Fiddler is my favorite full-featured system for true and full intercept control, but it can be hard to configure, share, deploy anywhere it is needed, and explain. This more fit-for-purpose tool won't have the power of fiddler, but can be a strong ubiquitous tool nonetheless. As a dev in the Packaging Server space (NuGet, npm, python/PyPi, maven, etc), I'm constantly trying to work with and around existing tooling, and this is my current exploration to avoid building deep plugins and plugin architectures into every packaging client.
Let's focus on NuGet. Most of what we have here easily translates across protocol, but rooting in specifics is easier.
nuget.exe is going to use one or more nuget.config files to identity multiple package sources. Each package source has its own authentication information which can vary from commandline-input to preconfigured (encrypted or not) to dynamic via credential providers. In one execution it can be pulling many packages from a graph, some of which already exist locally and some have to be fetched. It asks all http(s) package sources in parallel for discovery information and takes the first responder. Often that followup download of a package is going to end up following a redirect to Azure storage or S3 somewhere.
To avoid terminating-https MITM cert management and the scary dialogs that come with that, we'll opt-in via http://localhost urls that are forced to https on the outgoing end. I haven't quite managed how I'll facilitate just-in-time url replacement in client configs to avoid every dev being required to run this tool...for future us.

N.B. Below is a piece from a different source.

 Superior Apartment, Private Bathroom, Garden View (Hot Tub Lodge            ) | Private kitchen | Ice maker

A page showing simple network traffic with an emphasis on common problems : auth, proxies, urls, headers
A page showing telemetry to send - you see and control what can be sent or if it is sent. Client-side telemetry is great for services, and if you are having issues/problems it only helps to let some basic telemetry flow usptream. The hook also gives a universal way to tie systems together (working in a build system? add a header link to the build being run!), classify (update useragent), or more completely track session (use the process sending the request as a key)
Potential smarter blob download with resume or block parallelization. For Azure Devops, potentially act as a chunk cache
Have a trusted P2P or onprem content mirror faster than your network connection up to a CDN/Azure/S3?

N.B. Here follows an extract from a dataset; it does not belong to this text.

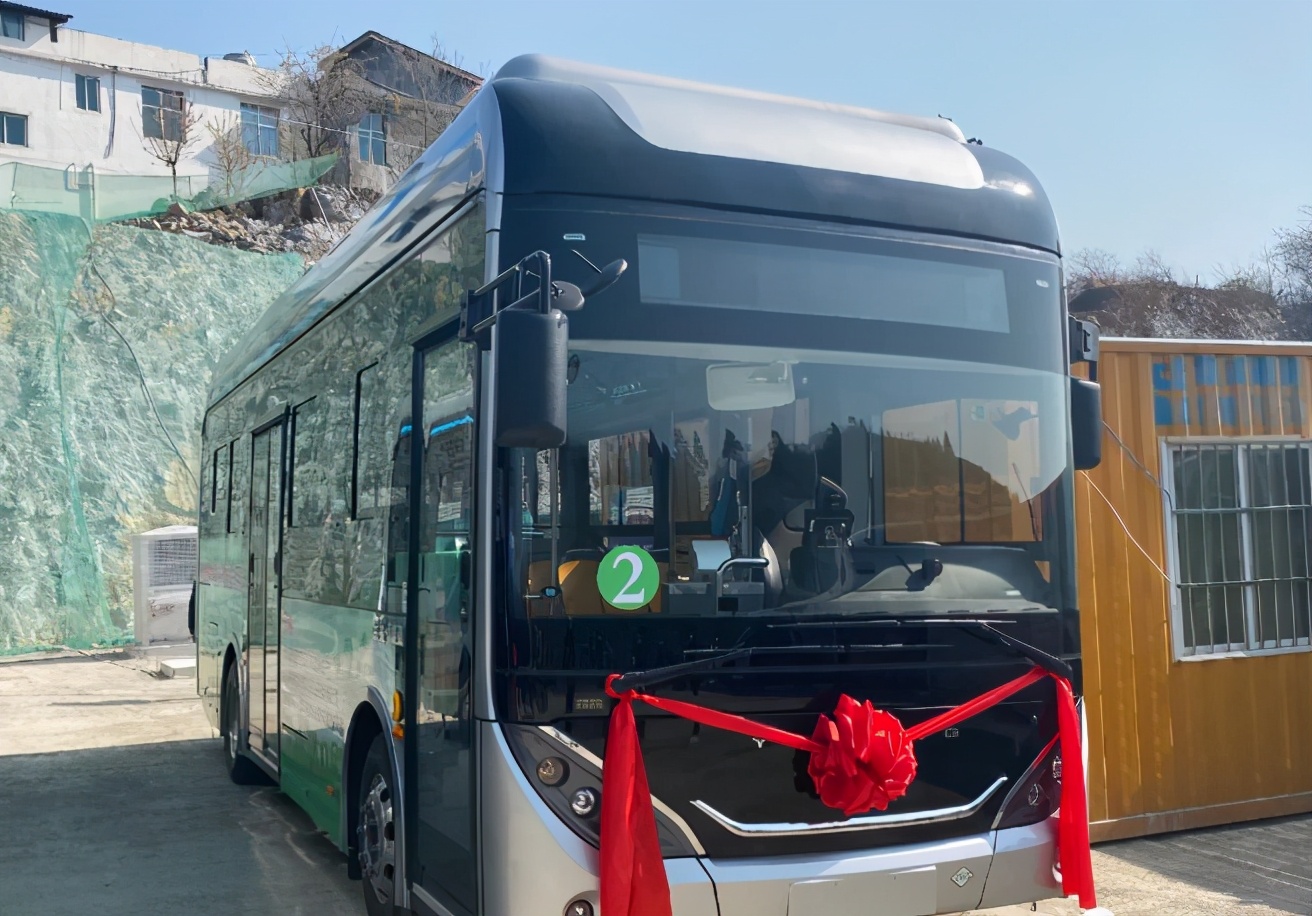 贵州六盘水市首条氢能源公交路线首座加氢站正式开启运营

This is a long shot to be secure. Most packaging client tools have been easy to configure against public repositories. When it comes to auth they all behave differently and with varying quality. If the localhost loopback can ensure the identity of the caller without local auth (port matching?) then I'd love to configure cred providers once in this tool than for every individual tool.

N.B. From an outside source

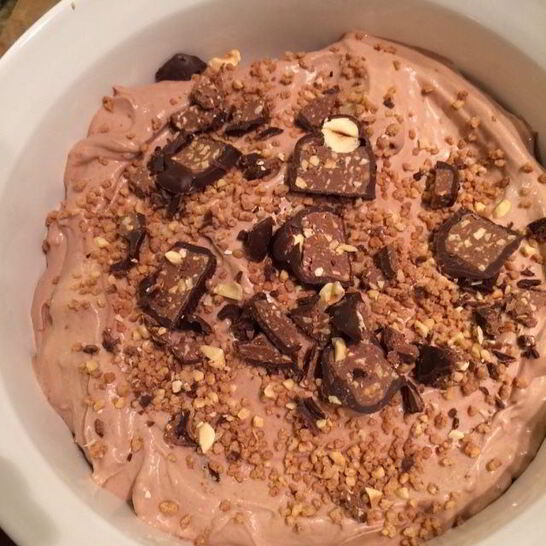 Рецепт шоколадное джелато с фундуком и конфетами бачио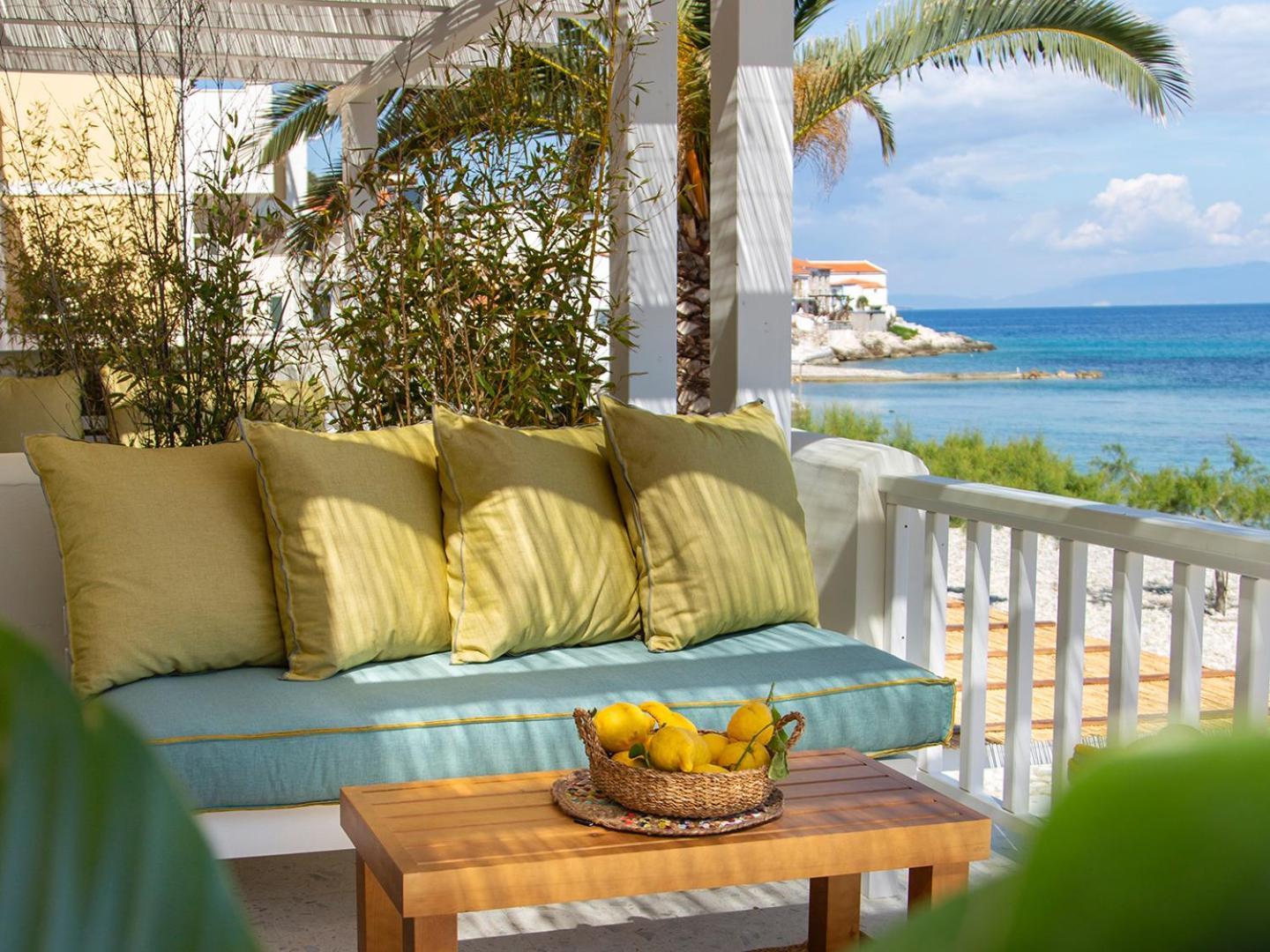 Aegean Stories Pelagos Suites Авлакия Экстерьер фото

In CI/CD you can live on logs and die on flaky tests/services. Being able to run the service, route the traffic, and dump the session improves the default client experiences.
Auth covers most of our usual issues here, but just because nuget is supported doesn't mean all client tools work well. We've seen problems with chocolatey, powershell, linqpad, and anyone else who uses the protocol. Again, all I can think of is solved by Auth handling, but you could imagine a client making a poor flow and wanting to do a shim here instead of in the 3rd party tool.